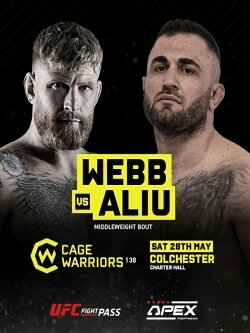 Cage Warriors 138 (2022) Cage Warriors 138 (2022)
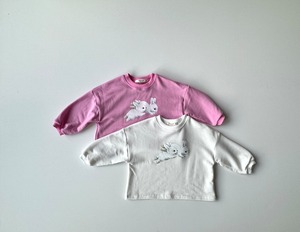 le petit mot［取寄］rabbit box tee 26winter
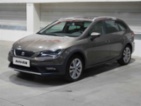 Seat Leon, 4x4 2.0 TDi, ČR, DSG, LED, kombi, nafta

■ Exercise description
Exact copies of the lines from the one containing "le petit mot［取寄］rabbit box tee 26winter" through the final line of the data are required; pictures are to be omitted.

■ Exercise output
 le petit mot［取寄］rabbit box tee 26winter
 Seat Leon, 4x4 2.0 TDi, ČR, DSG, LED, kombi, nafta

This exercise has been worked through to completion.